Peer Gynt Director David Bradley was a college kid in Chicago when he produced three ambitious amateur films starring his pal, seventeen year old Charleton Heston, & a host of amateur actors.

These films would get both director & young Heston Hollywood's attention. While Heston would end up playing such roles as Moses & John the Baptist, Bradley would be directing the likes of They Saved Hitler's Brain (1963).

The best of those youthfully ambitious films was the third, Peer Gynt (1941), based on the Henrik Ibsen play. The action opens in 1871 in Norway, in reality a Norwegion styled town in Wisconsin & areas around the Great Lakes doubling surprisingly well as fjords.

Peer is a dreamer, bumbler, & wastrel, slightly feral, like an elemental of the land. He is regarded a menace by men of good standing, & a hotty by the gals, whose lives he has an easy ability to ruin.

He becomes the focus of pagan rituals of fertility & revenge, having stumbled upon or been led to unusual happenings one night. There's a man with a demonic face, together with a group of children in masks. To the musical soundtrack's "The Sorcerer's Apprentice" the kids dance around a campfire. An old woman plays an absurd harp.
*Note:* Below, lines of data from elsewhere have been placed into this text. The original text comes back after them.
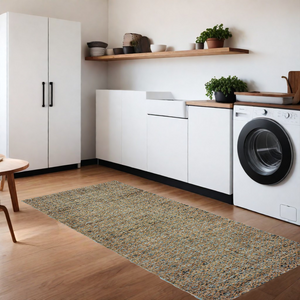 Homeroots 8' Runner Blue And Silver Geometric Power Loom Runner Rug Blue,Gold Other Material 510209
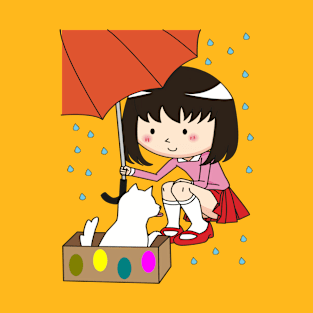 THE CAT AND GIRL IN THE RAIN T-Shirt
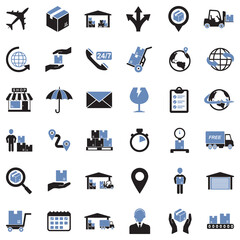 Logistic Icons. Two Tone Flat Design. Vector Illustration.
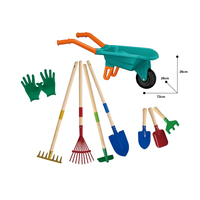 Jouets de jardin, ensemble d'outils de jardinage pour enfants, outils de jardin en métal véritable avec arrosoir, jouet d'extérieur pour tout-petits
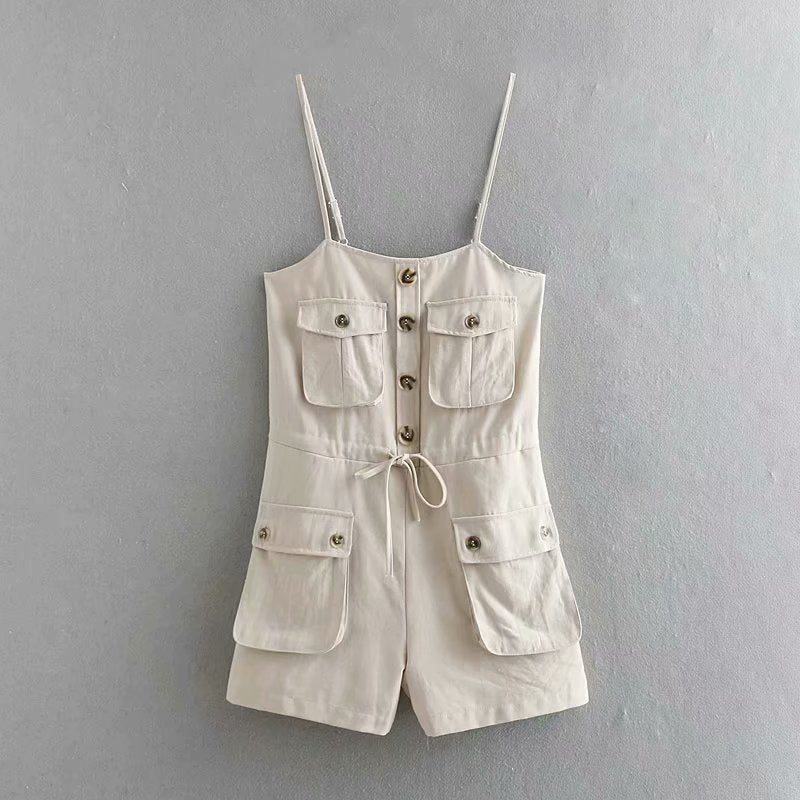 Women's Thin Tooling Style Three-Dimensional Pocket Sling Jumpsuit Shorts Casual Pants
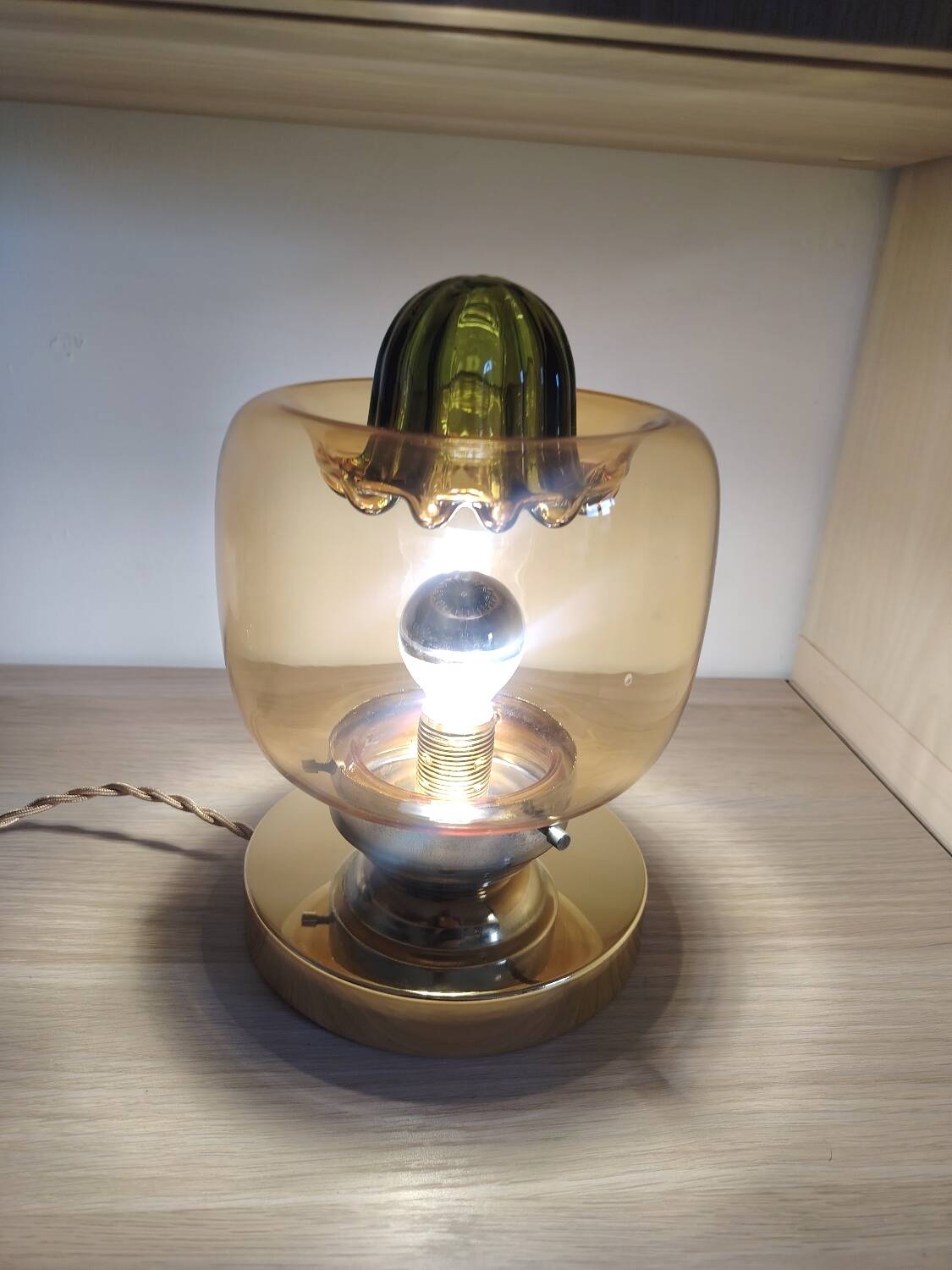 Amber green Murano globe as a lamp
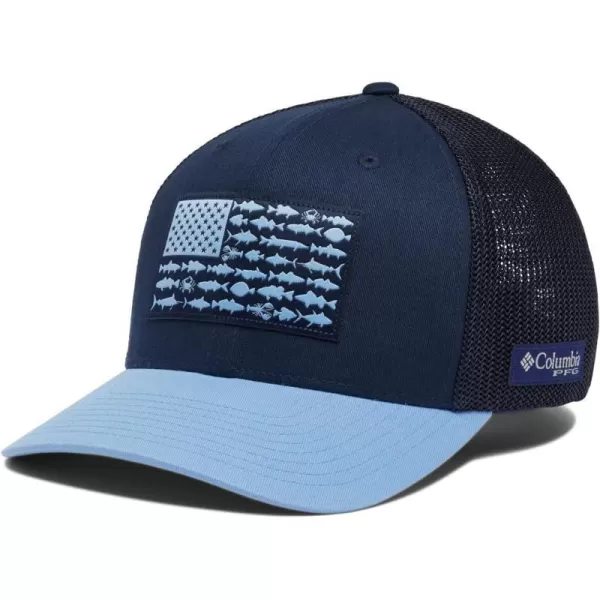 imageColumbia PFG Mesh Canada Fish Flag StretchFit HatCollegiate NavyAgate BlueMid Atlantic Flag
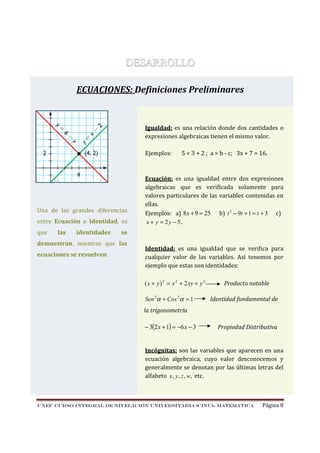 DESARROLLO
ECUACIONES: Definiciones Preliminares

Igualdad: es una relación donde dos cantidades o
expresiones algebraicas tienen el mismo valor.
Ejemplos:

Una de las grandes diferencias
entre Ecuación e Identidad, es
que

las

identidades

Ecuación: es una igualdad entre dos expresiones
algebraicas que es verificada solamente para
valores particulares de las variables contenidas en
ellas.
Ejemplos: a) 8x + 9 = 25 b) t 2 − 9t + 1 = t + 3 c)
x + y = 2y − 5.

se

demuestran, mientras que las
ecuaciones se resuelven.

5 = 3 + 2 ; a = b - c; 3x + 7 = 16.

Identidad: es una igualdad que se verifica para
cualquier valor de las variables. Así tenemos por
ejemplo que estas son identidades:

( x + y ) 2 = x 2 + 2 xy + y 2
Sen 2α + Cos 2α = 1

Producto notable
Identidad fundamental de

la trigonometría

− 3(2 x + 1) = −6 x − 3

Propiedad Distributiva

Incógnitas: son las variables que aparecen en una
ecuación algebraica, cuyo valor desconocemos y
generalmente se denotan por las últimas letras del
alfabeto x , y , z , w, etc.

UNEF–CURSO INTEGRAL DE NIVELACIÓN UNIVERSITARIA (CINU)- MATEMÁTICA

Página 8

 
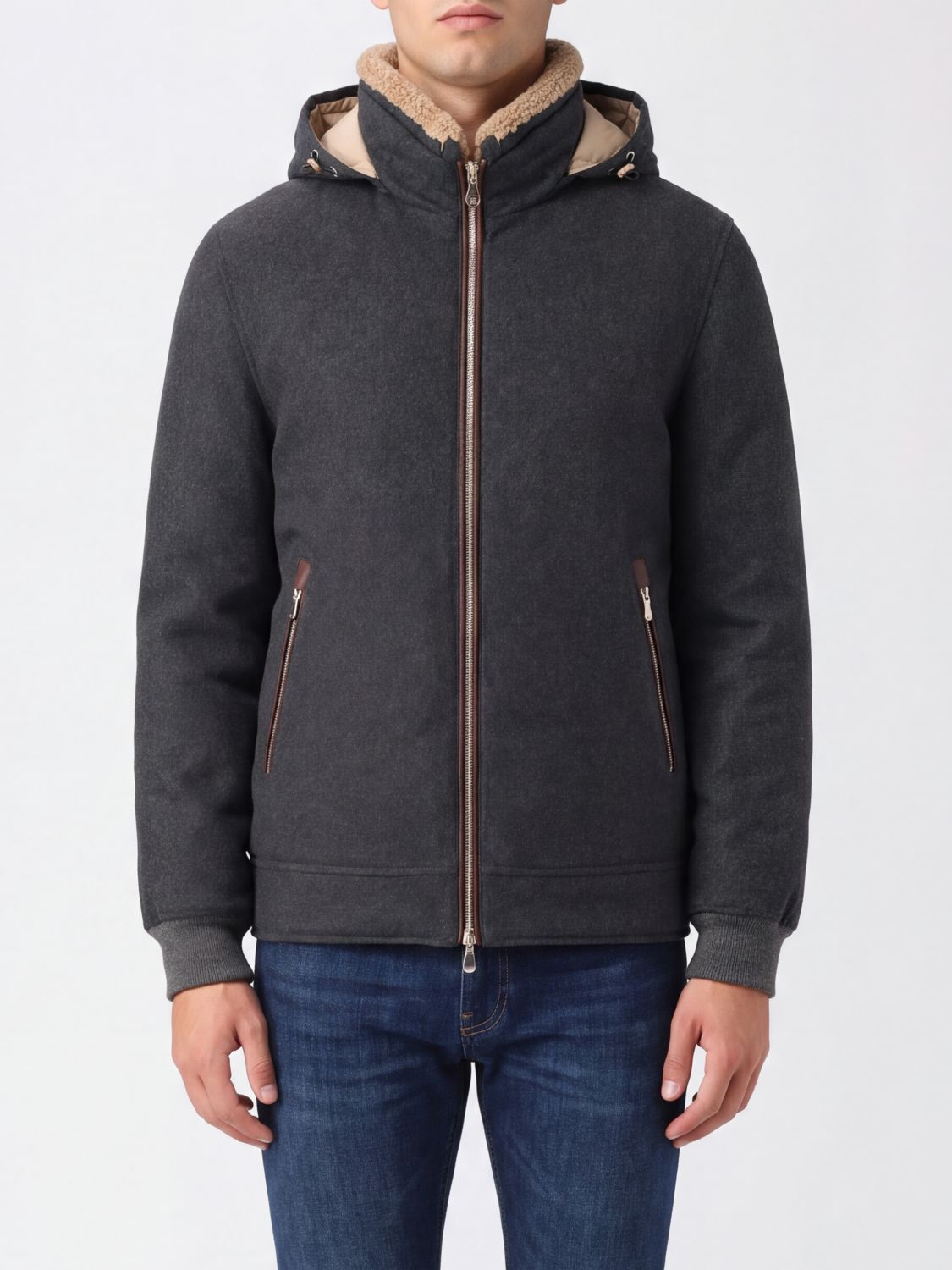 Brunello Cucinelli Wool Bomber Jacket with Hood and High Neck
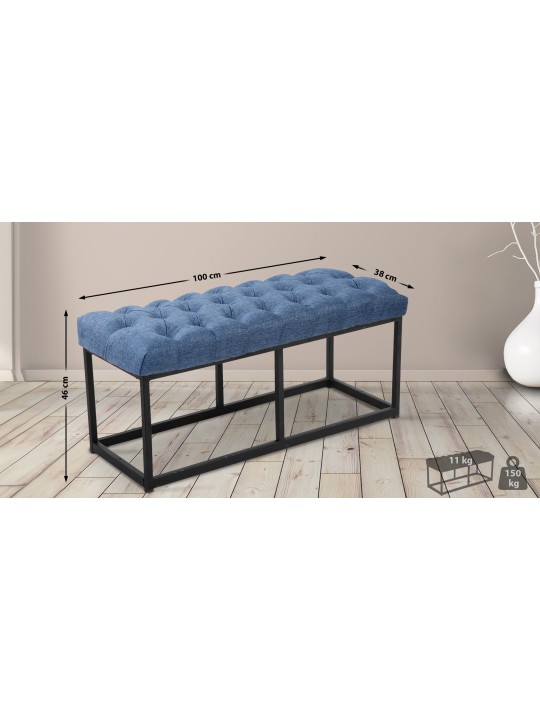 Bank Amun stof 100 cm, blauw Bank Amun stof 100 cm, blauw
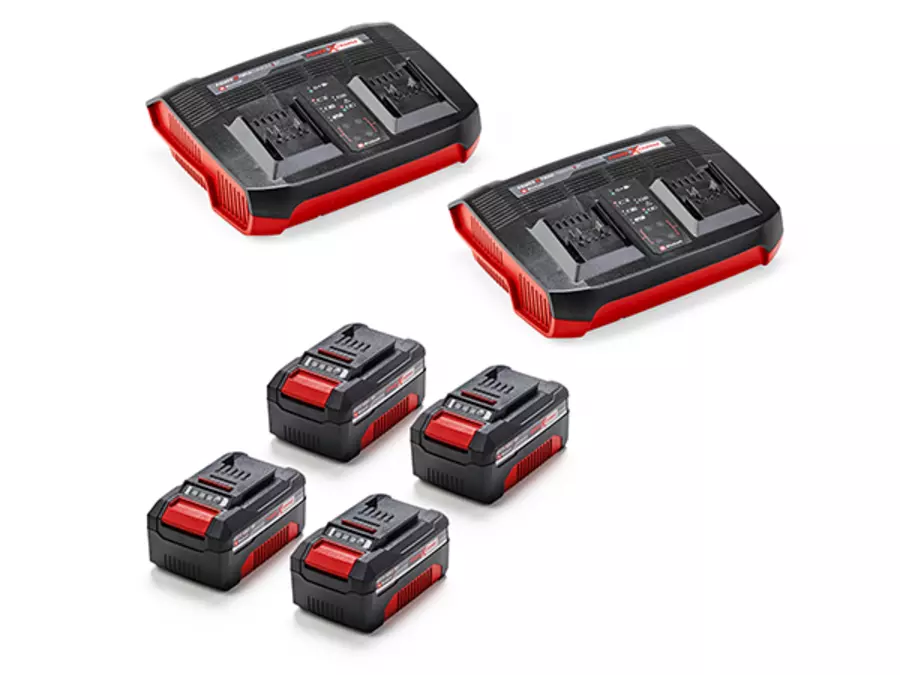 Cuatro baterías Einhell Power X-Change y dos cargadores Twincharger como accesorios para el cortacésped inalámbrico GP-CM 36/47 S HW Li.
Masked pagans appear from every quarter to dance round & round our hero who is by now bound to a stake.

Freed of the stake, shirtless & buff, Peer flees the unwanted rituals & those who had tried to sacrifice him. He's pursued by a floating glowing head that calls itself the demon Boyg. The floating head speaks with sound, though this is otherwise a silent film with dialogue cards.

Apparently cursed by the region of his birth & misdoings, Peer sets off into the world, travelling as far as Morocco. He makes a fortune as a trader, but is just as easily defrauded of all he possessed. Without bitterness, & disguised as an Arab prince, he rebuilds his fortunes, but ruins another woman's life in the process, & flees her relations' desire for vengeance.

Many years pass before he returns to Norway, discovvering that the place of fjords & forests has fallen into desolation. People still speak of him as though of a nature-god that dwelt among them for a time, but none recognize him, until he finds himself haunted by strange men critical of his wastral existence, themselves perhaps elementals or spirits.

When Death comes for him he begs for one more chance to be faithful to Solvieg & sort out the failures of his soul. And that second chance is granted. Quite an odd film all in all, paced to the Peer Gynt Suites of Edvard Grieg.